Fuseworks Media

Abandoned mining appeal may mean fast track for coal

A long-running court battle against a new opencast coal mine has been abandoned by the mining company today, but environmentalists are putting celebrations on hold.

“While this would normally be a chance to celebrate an important victory for the environment and climate, the government’s fast-track consenting proposals are flinging open a back door for mining companies to walk right through,” says Forest & Bird Group Manager Richard Capie.

Stevenson Mining has abandoned its appeal on its proposed Te Kuha coal mine on a pristine mountaintop site near Westport on the West Coast.

Forest & Bird is calling on the mining company to come clean on whether it expects, or even has information from the coalition government, that this matter might be fast tracked under planned new legislation.

“The fast track legislation is anti-nature, anti-environment and anti-democratic,” says Mr Capie. “It looks like it will be giving ministers sweeping powers to just about single handedly approve any development they want.”

Forest & Bird has previously spoken out strongly against the Government’s plan to fast-track the consenting process for local, regional and national infrastructure and development projects that it deems significant.

Forest & Bird has already spent years opposing the proposed Te Kuha mine. The organisation won a case in the Supreme Court showing that councils must protect natural features under the Reserves Act.

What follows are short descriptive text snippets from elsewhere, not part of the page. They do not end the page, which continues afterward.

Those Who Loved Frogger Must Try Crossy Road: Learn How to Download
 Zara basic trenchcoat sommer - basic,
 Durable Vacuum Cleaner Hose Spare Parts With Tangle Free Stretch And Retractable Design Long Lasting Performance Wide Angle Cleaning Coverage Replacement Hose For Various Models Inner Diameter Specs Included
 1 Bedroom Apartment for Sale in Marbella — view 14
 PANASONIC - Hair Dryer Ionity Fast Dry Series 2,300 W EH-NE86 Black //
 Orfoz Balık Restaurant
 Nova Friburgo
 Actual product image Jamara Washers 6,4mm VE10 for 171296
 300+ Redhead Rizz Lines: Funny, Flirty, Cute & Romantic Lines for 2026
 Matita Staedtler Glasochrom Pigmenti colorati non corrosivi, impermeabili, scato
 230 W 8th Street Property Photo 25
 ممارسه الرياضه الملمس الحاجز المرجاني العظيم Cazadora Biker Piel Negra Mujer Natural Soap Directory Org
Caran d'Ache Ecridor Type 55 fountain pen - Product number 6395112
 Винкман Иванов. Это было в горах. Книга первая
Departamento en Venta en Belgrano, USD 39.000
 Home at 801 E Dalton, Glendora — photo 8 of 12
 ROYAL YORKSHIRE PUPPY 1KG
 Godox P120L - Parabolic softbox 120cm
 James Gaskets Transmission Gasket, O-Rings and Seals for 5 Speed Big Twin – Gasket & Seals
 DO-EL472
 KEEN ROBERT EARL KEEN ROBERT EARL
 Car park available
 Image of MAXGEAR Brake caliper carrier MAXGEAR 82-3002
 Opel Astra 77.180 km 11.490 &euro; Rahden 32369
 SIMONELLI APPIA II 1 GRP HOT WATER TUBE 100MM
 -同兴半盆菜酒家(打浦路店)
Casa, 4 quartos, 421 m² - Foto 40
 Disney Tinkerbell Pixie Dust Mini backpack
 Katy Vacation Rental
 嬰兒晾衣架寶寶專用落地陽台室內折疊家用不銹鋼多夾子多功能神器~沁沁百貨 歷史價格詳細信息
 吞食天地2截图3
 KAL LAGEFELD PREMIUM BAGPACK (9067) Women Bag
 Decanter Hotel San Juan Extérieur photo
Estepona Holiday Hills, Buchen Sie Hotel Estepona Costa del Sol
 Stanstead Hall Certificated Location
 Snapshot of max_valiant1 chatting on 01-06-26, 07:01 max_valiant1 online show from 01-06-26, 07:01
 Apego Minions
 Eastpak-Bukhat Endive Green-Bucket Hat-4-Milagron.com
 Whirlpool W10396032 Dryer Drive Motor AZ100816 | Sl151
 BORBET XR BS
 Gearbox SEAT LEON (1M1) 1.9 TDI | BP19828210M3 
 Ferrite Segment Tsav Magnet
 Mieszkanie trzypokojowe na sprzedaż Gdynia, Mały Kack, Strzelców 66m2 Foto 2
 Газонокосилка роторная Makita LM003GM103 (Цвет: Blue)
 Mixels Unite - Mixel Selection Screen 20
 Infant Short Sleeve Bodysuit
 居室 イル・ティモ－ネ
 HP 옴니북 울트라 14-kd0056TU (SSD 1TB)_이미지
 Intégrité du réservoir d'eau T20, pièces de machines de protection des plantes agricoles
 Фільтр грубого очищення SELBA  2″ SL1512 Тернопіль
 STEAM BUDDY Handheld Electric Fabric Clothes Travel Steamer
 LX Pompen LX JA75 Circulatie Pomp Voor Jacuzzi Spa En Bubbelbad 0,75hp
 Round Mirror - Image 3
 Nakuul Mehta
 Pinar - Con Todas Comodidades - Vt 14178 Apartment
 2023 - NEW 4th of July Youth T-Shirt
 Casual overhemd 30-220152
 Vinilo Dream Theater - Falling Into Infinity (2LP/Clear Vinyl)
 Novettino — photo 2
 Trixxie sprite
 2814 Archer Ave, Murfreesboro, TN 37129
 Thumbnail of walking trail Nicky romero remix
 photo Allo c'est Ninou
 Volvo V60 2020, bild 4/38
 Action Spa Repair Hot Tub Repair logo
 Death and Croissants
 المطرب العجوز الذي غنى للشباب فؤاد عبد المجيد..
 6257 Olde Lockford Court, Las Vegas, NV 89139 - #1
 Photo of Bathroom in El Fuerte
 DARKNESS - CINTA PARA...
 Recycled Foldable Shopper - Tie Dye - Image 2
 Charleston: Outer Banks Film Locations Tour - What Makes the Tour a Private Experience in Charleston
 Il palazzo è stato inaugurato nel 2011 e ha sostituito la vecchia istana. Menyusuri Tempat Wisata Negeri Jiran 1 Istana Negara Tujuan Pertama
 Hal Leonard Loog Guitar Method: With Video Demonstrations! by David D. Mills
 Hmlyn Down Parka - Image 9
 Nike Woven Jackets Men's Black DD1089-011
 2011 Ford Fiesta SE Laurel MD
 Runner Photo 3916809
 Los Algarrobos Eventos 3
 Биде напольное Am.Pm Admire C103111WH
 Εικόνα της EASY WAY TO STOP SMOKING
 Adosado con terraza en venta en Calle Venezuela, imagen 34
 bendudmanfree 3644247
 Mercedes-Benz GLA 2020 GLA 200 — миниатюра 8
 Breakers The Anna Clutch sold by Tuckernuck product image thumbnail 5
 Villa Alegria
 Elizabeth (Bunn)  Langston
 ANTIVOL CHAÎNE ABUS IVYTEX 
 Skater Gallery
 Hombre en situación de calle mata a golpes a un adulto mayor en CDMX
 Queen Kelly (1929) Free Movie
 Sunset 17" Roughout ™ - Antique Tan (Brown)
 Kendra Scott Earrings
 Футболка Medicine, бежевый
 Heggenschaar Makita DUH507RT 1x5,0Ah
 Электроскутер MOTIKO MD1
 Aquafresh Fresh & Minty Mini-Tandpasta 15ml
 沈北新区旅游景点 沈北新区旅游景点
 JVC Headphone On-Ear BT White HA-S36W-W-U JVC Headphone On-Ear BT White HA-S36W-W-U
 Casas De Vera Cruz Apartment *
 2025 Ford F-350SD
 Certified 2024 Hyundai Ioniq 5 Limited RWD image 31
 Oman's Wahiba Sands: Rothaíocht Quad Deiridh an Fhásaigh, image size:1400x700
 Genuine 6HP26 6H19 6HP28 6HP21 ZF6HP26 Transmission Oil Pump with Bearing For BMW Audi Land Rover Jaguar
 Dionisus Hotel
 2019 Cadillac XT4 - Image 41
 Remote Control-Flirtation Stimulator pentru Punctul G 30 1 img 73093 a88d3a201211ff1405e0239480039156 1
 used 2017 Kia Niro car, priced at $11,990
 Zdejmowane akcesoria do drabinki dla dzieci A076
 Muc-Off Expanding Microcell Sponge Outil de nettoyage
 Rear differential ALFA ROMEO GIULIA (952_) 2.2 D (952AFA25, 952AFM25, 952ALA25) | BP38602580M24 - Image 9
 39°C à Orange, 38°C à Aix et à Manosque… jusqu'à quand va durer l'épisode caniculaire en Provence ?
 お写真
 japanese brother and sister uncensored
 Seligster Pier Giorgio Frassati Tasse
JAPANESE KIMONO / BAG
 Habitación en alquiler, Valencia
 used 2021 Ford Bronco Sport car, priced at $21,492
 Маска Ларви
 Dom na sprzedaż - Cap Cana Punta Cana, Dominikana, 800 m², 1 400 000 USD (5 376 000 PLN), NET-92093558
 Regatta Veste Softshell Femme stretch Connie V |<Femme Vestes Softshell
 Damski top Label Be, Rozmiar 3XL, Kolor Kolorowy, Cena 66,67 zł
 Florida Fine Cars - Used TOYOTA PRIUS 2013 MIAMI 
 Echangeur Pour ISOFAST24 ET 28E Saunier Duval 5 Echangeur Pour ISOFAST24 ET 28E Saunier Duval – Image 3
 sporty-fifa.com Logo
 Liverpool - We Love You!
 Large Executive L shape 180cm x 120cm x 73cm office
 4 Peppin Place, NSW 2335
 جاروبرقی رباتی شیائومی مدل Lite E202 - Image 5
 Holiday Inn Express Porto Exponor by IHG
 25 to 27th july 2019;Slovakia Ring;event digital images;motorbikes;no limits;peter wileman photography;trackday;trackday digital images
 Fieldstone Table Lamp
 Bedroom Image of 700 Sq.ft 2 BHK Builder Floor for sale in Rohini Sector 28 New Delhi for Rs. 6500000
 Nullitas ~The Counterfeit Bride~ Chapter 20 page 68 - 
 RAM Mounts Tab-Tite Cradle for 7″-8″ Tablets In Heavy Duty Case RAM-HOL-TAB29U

The proposed 150-hectare mine site contains incredibly rare and important ecosystems and is home to numerous plants and animals at risk or threatened with extinction, such as roroa great spotted kiwi, South Island fernbird, geckos, and 17 plant species including native eyebright.

Pictures and video of the site are available here.

Last April, supported by the Coal Action Network, Forest & Bird successfully won against Stevenson Mining Limited in the Environment Court. Since Stevenson Mining announced it would appeal, the Society has been preparing its arguments for the expected court date in April this year.

“Forest & Bird and community groups have already fought against this horrific open-cast mine proposal in the courts, and won. If the Te Kuha coal mine gets a green light from Ministers under fast-track it would be a slap in the face for the climate, environment and our democracy,” says Mr Capie.